Gustafson: Two more times, I believe. I took D’Lo up and dropped him off.

Sottile: It wasn’t the last time Gustafson took D’Loc by Thompson’s place that day, but it was the last time he went inside. The other times he waited in the car.

Lang: So, you took him. Did you wait for him the second time or the third time?

Gustafson: I don’t think I did because that’s what concerned me about, that I may have taken the individual that murdered her.

Sottile: Gustafson said he remembered driving by Thompson’s place the next day, and it was surrounded by red crime scene tape and police cars. The news was saying she’d been found dead in her apartment. He got nervous. He had been there the day before. So he called his brother, asked him what he should do.

Gustafson: He said he knew of someone on the inside that he trusted, that he felt wouldn’t put me hung out to dry.

Lang: Now, you say your brother knew someone on the inside. Was that a police officer?

Gustafson: Yeah, it was Quackenbush.

Sottile: Catch that? Gustafson said his brother knew a guy he could trust at Salem P.D. – Detective Mike Quakenbush. It’s “quake-en-bush,” by the way. I asked him.

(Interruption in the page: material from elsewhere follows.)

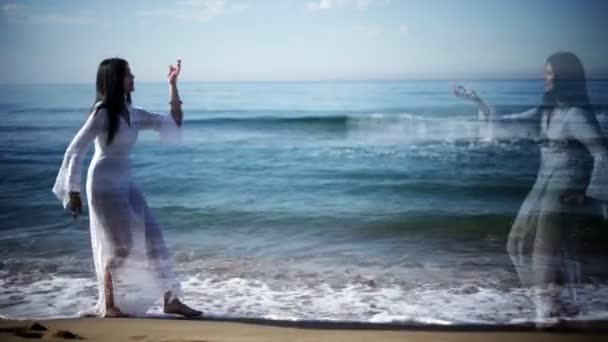 Baleárské tanečnice při východu slunce na pláži — Stock video
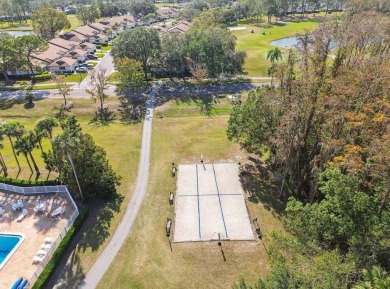 One or more photo(s) has been virtually staged. THREE BEDROOM on Seven Springs Golf and Country Club in Florida - for sale on GolfHomes.com, golf home, golf lot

Lang: Did you tell him about D’Lo, and taking him?

Gustafson: Yes, I did.

Lang: Did you give any description, do you recall, of the roommate?

Gustafson: Just that he was Black. I couldn’t describe him, other than wearing a cap or something. I thought he had a baseball cap on.

Sottile: Gustafson said he met with Quakenbush and his partner several times. He couldn’t remember the other detective’s name – just described him as, “shorter, heavyset, glasses, balding.”

They sat down shortly after Thompson’s murder, and Gustafson told them about taking D’Loc to her house. The detectives asked Gustafson to take a look at a photo throwdown – basically, a lineup of mugshots.

They asked …

Gustafson: Do you recognize the individual that was sitting on the couch when I was over there the night that Sunny was murdered?

Sottile: It was pretty clear to Gustafson that they’d spoken to D’Loc, and he’d told Quakenbush about the guy they’d met that day at Thompson’s apartment – this supposed roommate. In the upper left corner was a photo of Jesse Johnson

Gustafson: I said I can’t identify him. I don’t see him.

Lang: What was their response?

Gustafson: Well, are you sure? And then that was pretty much it.

Sottile: Gustafson didn’t really recognize anyone, and he thought that was it. But he said not long after, the detectives wanted to meet a second time, and show him the photos again. Were any of these people Thompson’s supposed roommate?

Gustafson: The second time I saw ‘em, I just told ‘em, no, I can’t ID them.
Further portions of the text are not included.